Ah Yes. I tried to edit my title but doesn't seem like I can...

How can I go about checking if my two offences would be considered spent?


----------



## skalatin (Jan 19, 2017)

Crawford said:


> Possibly not, but you have to declare them on the application if a question similar to the one on the VA2 form is asked:
> 
> 7.6 Do you have or have you ever had any of the following, in the UK or in a different country?
> 
> ...



Yes i was very lucky. The two were very close to one another and happened in different counties. My lawyer was able to settle both offences with the court on the same day within hours of each other. They were both recorded in their respective counties as first time offences...


----------



## Joppa (Sep 7, 2009)

For Tier 2 General, your convictions should not lead to a refusal, as they took place more than a year ago, and it's only a discretionary refusal. This is called general ground for refusal. For settlement after 5 years, they may. 
https://www.gov.uk/government/uploa...ment_data/file/517628/ggfr_sec1_v26_0_ext.pdf Page 15ff


----------



## Crawford (Jan 23, 2011)

skalatin said:


> Yes i was very lucky. The two were very close to one another and happened in different counties. My lawyer was able to settle both offences with the court on the same day within hours of each other. They were both recorded in their respective counties as first time offences...



So neither you nor your lawyer admitted that you had a previous DUI conviction ..... ?

If you are still drinking and driving don't expect to get away with it in the UK - while there is still an element of drink drivers in the UK, most people who do it are considered social pariahs.


----------



## skalatin (Jan 19, 2017)

I'm no longer drinking and driving nor do I plan to drive much while living in London. I was fortunate enough to have a good lawyer that produced the best results. I didn't "get away" with anything. If I were to get a third conviction it would count as number three and I would definitely face jail time and lose my license for a very long time. My lawyer and I weren't obligated to inform the judge in another county that I was just convicted of a DUI an hour before. Fortunately the timing worked out that we settled both cases within an hour of each other thus I only had the consequences of a first time offense for both.


----------



## sectshun8 (Jun 14, 2014)

My partner had a recent DUI before applying for her Tier 2 Work Visa, disclosed it on the app, no issues. Promptly issued.


----------



## skyf (Mar 26, 2015)

Insurance Company's will ask and Premiums will be affected.


----------



## Joppa (Sep 7, 2009)

But they don't take into account convictions outside UK or EU.


----------



## skalatin (Jan 19, 2017)

skyf said:


> Insurance Company's will ask and Premiums will be affected.


Do you mean my personal insurance will be affected or the sponsoring company's insurance will be affected?


----------



## Joppa (Sep 7, 2009)

Neither, as I have said.


----------



## skalatin (Jan 19, 2017)

Quick update on my status and a follow up questions. I was able to get both convictions expunged. This in the state of California means that the conviction was set aside and the new status for both shows them as "dismissed". The records are not sealed though.

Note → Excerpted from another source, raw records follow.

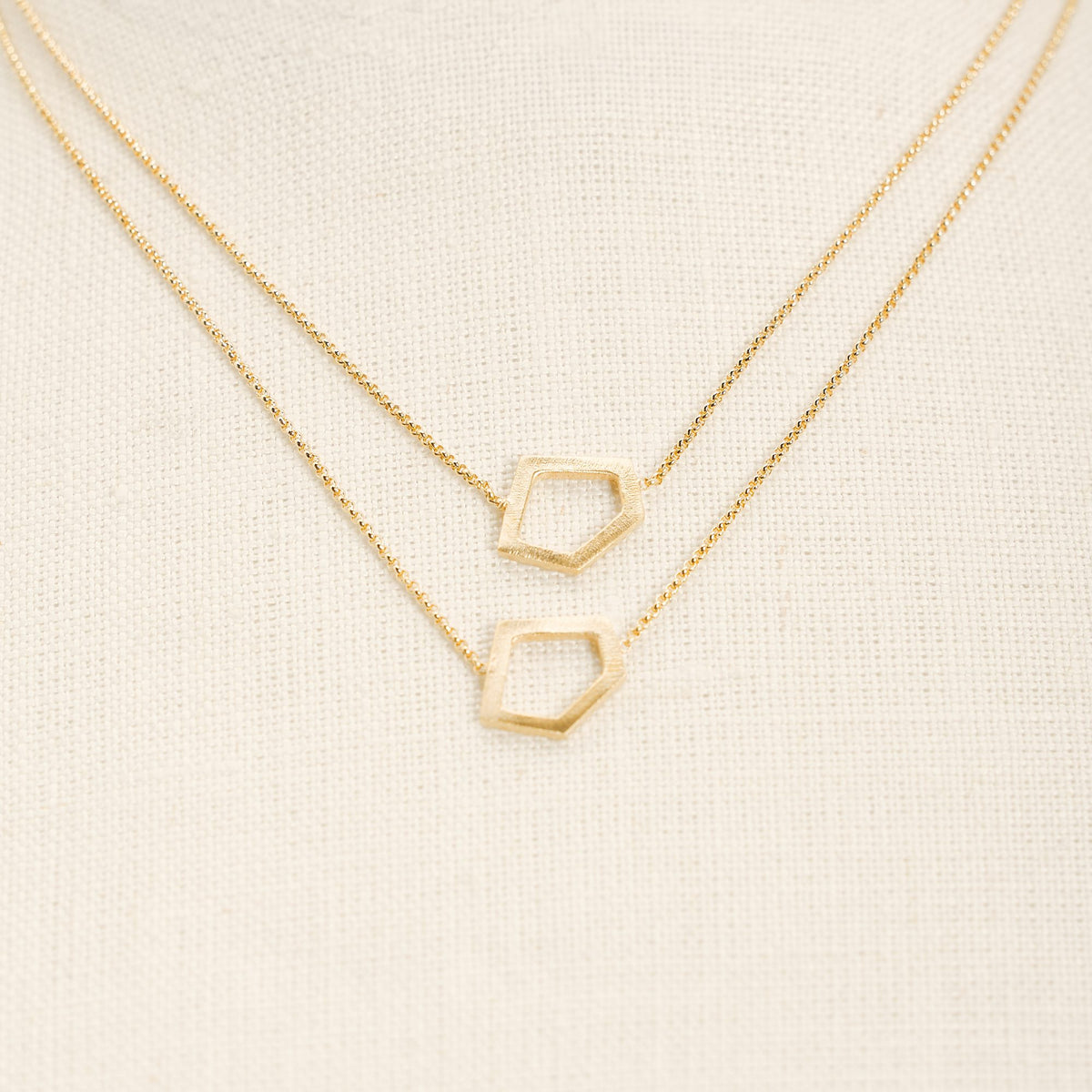 I'mperfect Gold necklace in 925 sterling silver, on a light background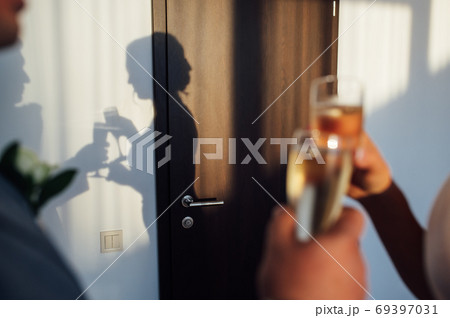 Bride and groom hold in their hands glasses with wine Bride and groom hold in their hands glasses with wine 69397031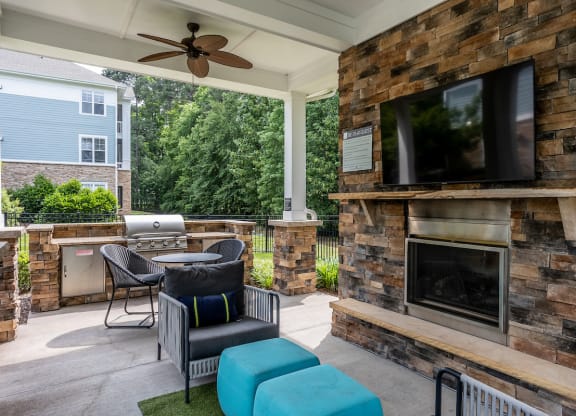 summerhouse with fireplace, seating, and tvs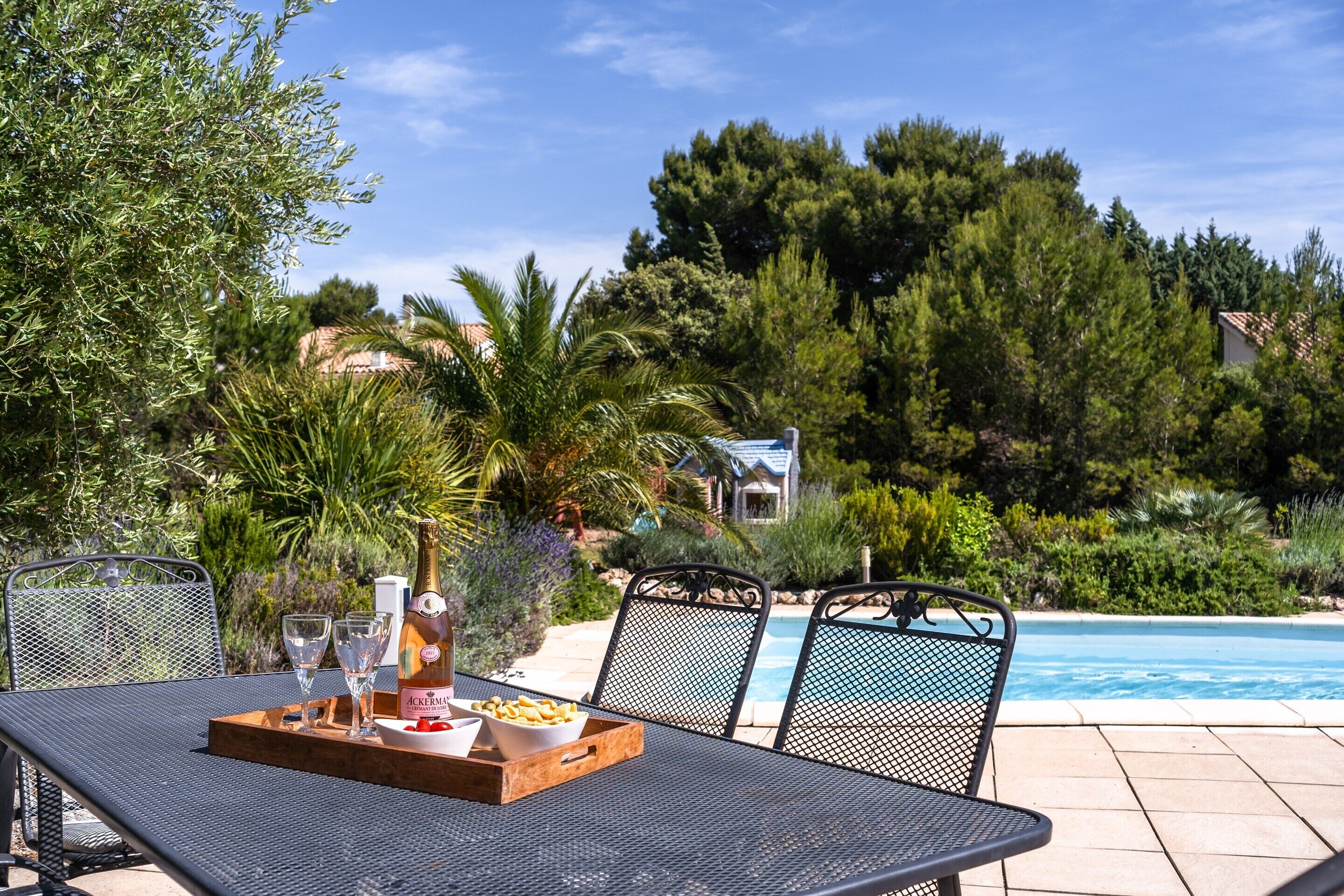 A poolside dining area with a table, chairs, and a bottle of wine.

I will still disclose both but does this new status improve my chances of my visa being approved and does it still require the same amount of explanation and documentation as a conviction that hasnt been dismissed.

Will my expungements help when it comes down to the discretionary refusal evaluation?

Thanks!

I am very fortunate to have this opportunity and that no one was harmed during that difficult period of my life.


----------